§ EXERCISE GOAL
All that is needed is the first stretch of the listing below, repeated exactly and ending with the line that contains "exterior space with french doors". Pictures are to be left out.

§ MATERIAL PROVIDED
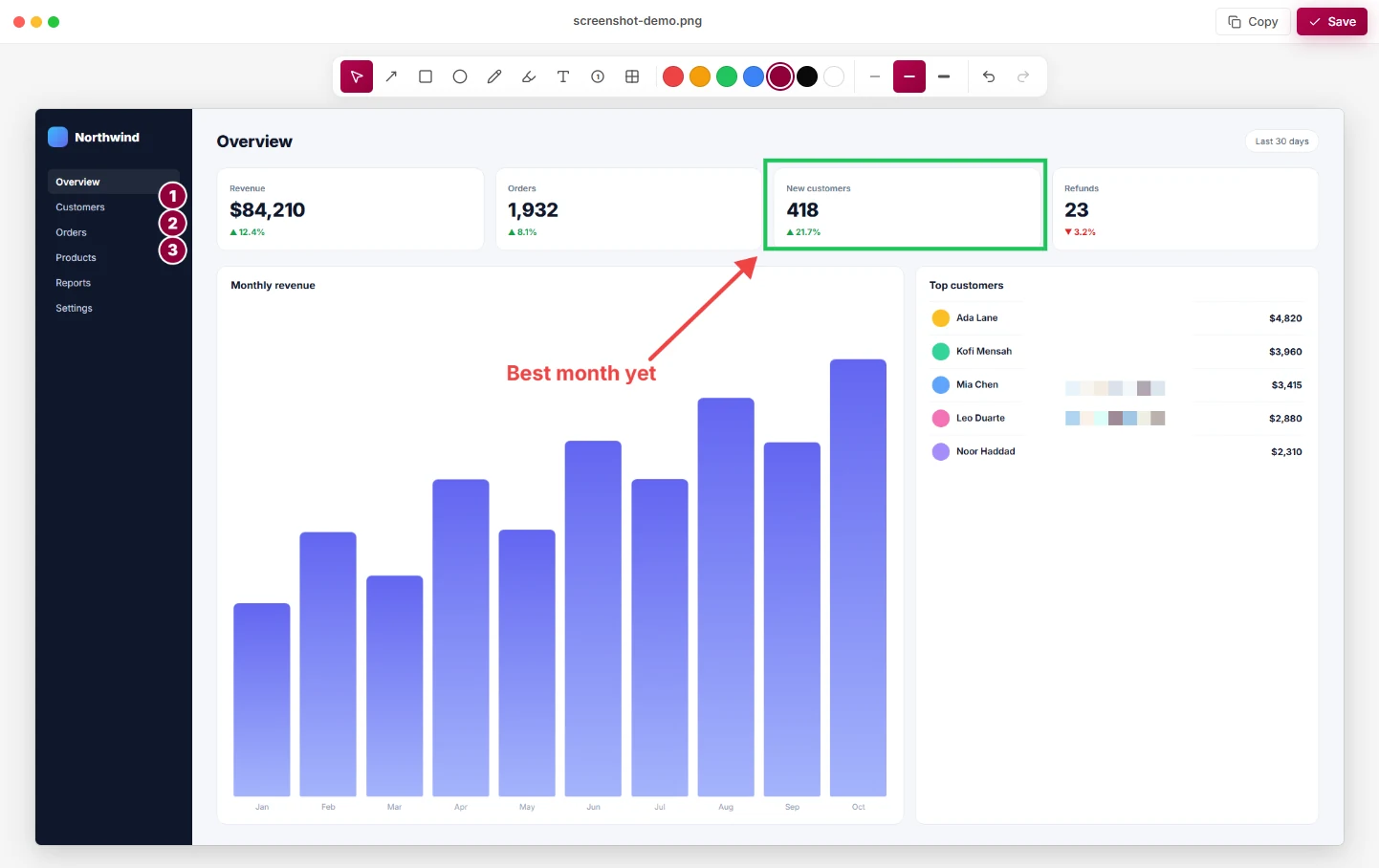 Screenshot annotation editor with arrows, numbered steps and blur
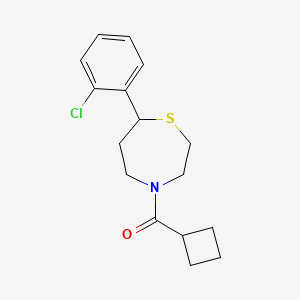 molecular formula C16H20ClNOS B2491890 7-(2-chlorophenyl)-4-cyclobutanecarbonyl-1,4-thiazepane CAS No. 1797093-21-0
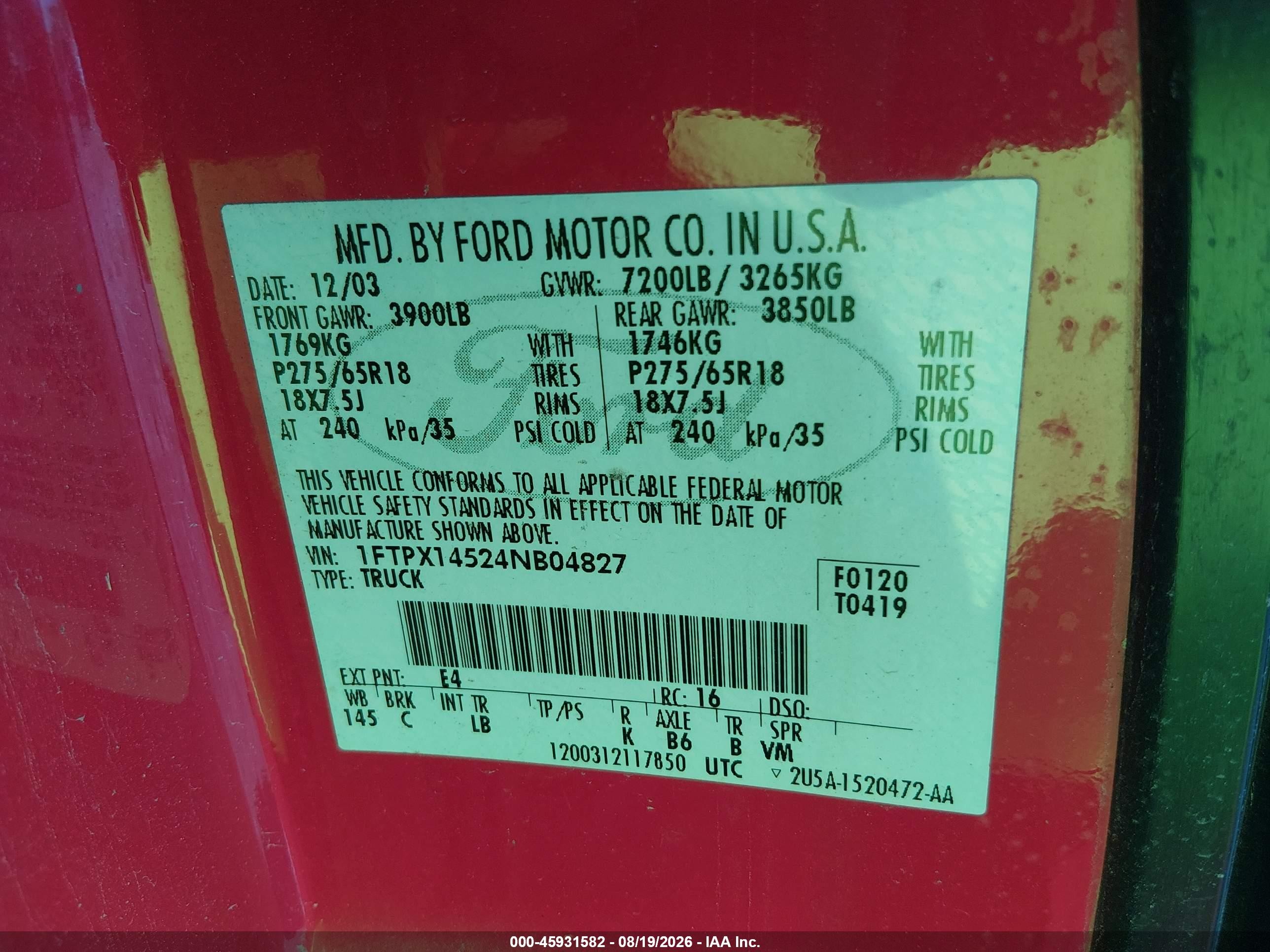2004 Ford F-150 Fx4/lariat/xl/xlt Red vin: 1FTPX14524NB04827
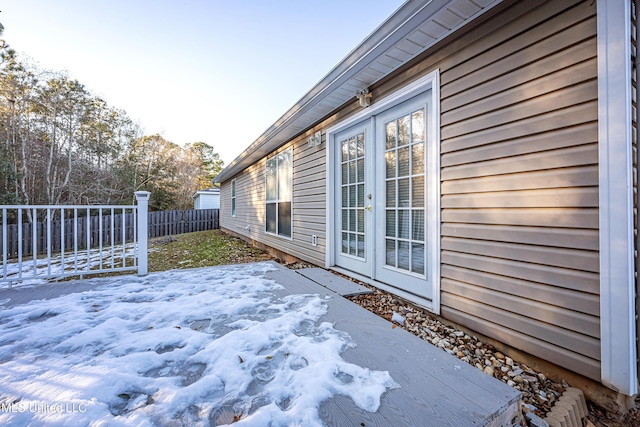 exterior space with french doors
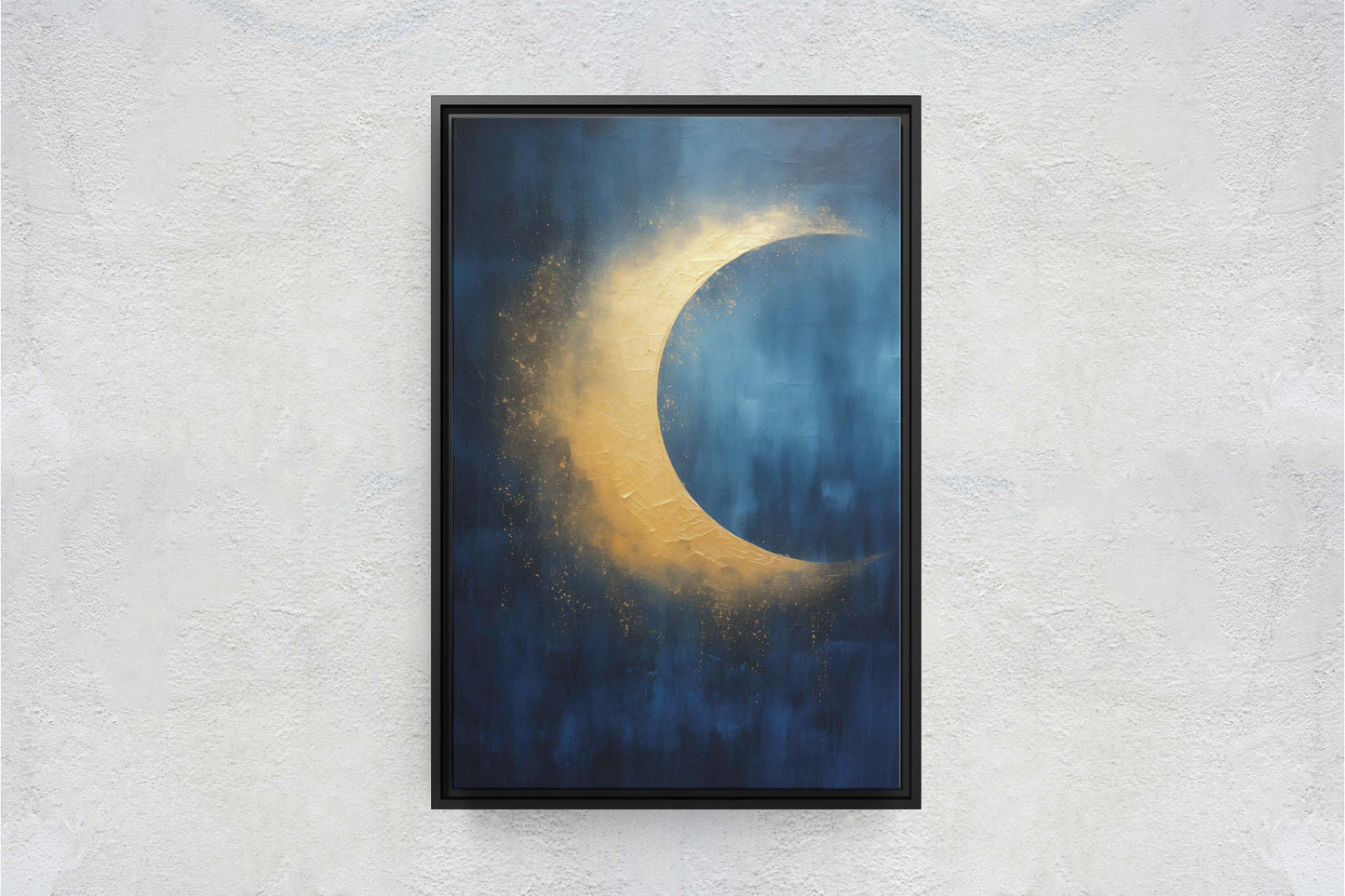 Gold Moon on Indigo, Moon Painting, Minimalist Art, Circle Indigo, Maximalist Art, Contemporary Decor, Celestial Art, Space Decor, Night Sky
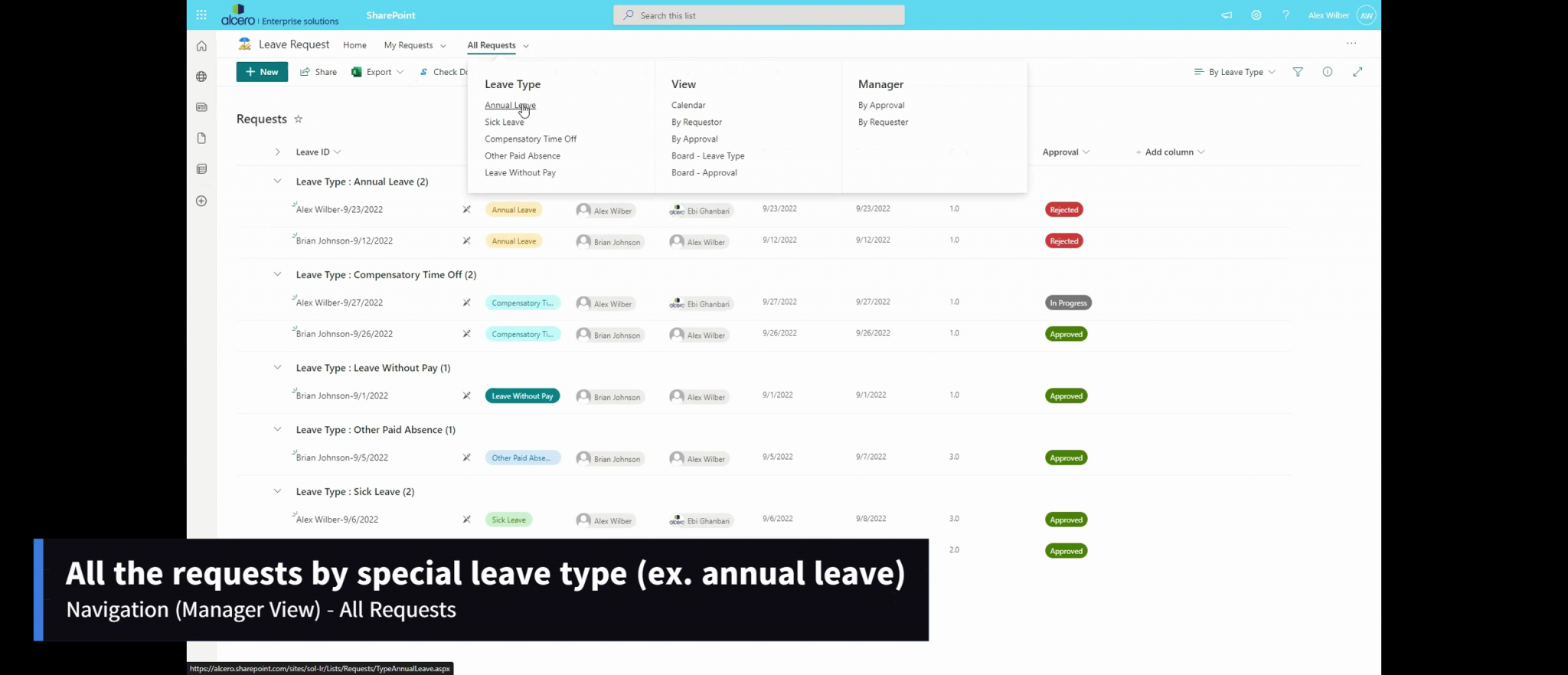 SharePoint Leave Request Alcero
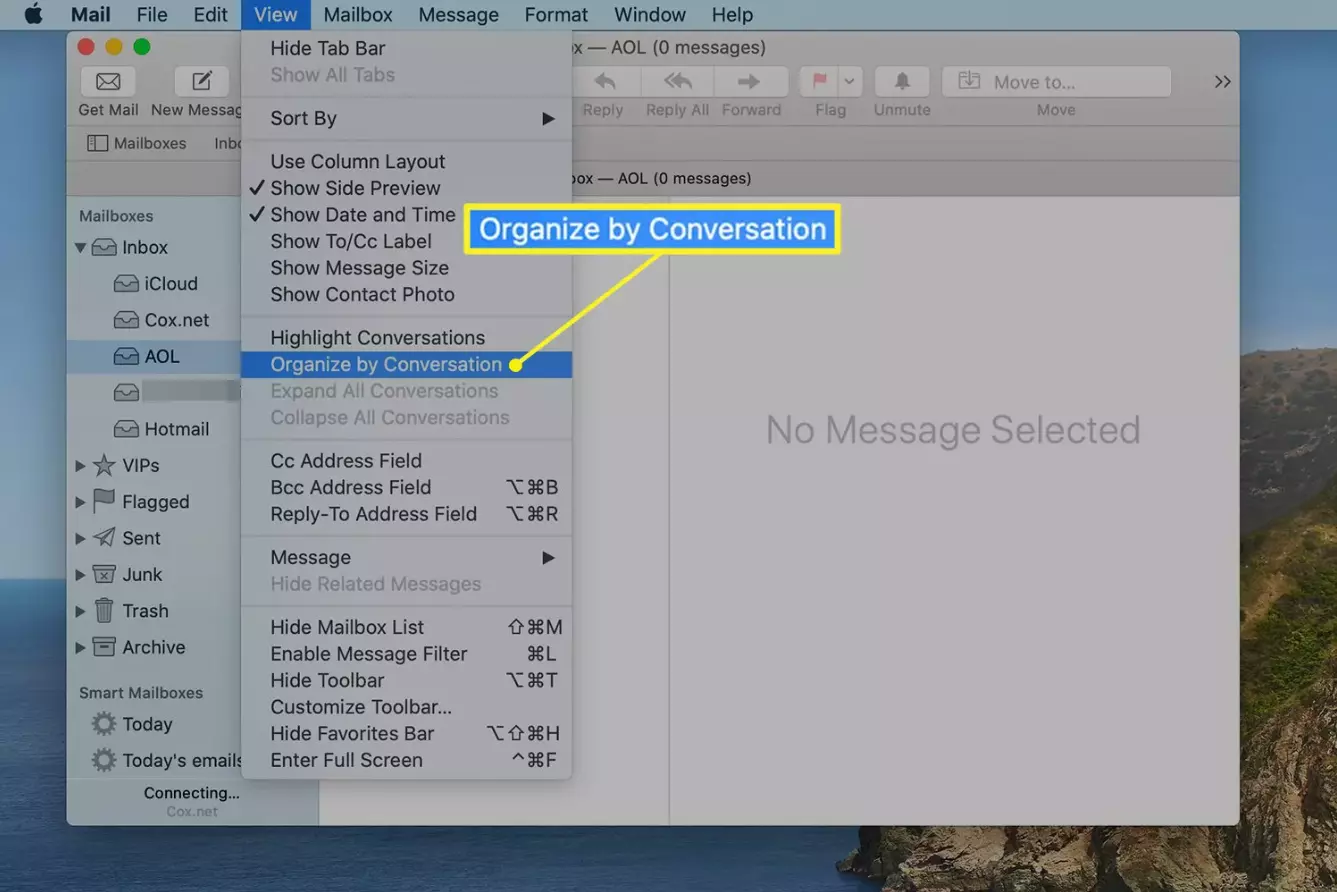 Impostazioni di visualizzazione di Apple Mail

§ EXERCISE RESULT
 Screenshot annotation editor with arrows, numbered steps and blur
 molecular formula C16H20ClNOS B2491890 7-(2-chlorophenyl)-4-cyclobutanecarbonyl-1,4-thiazepane CAS No. 1797093-21-0
2004 Ford F-150 Fx4/lariat/xl/xlt Red vin: 1FTPX14524NB04827
 exterior space with french doors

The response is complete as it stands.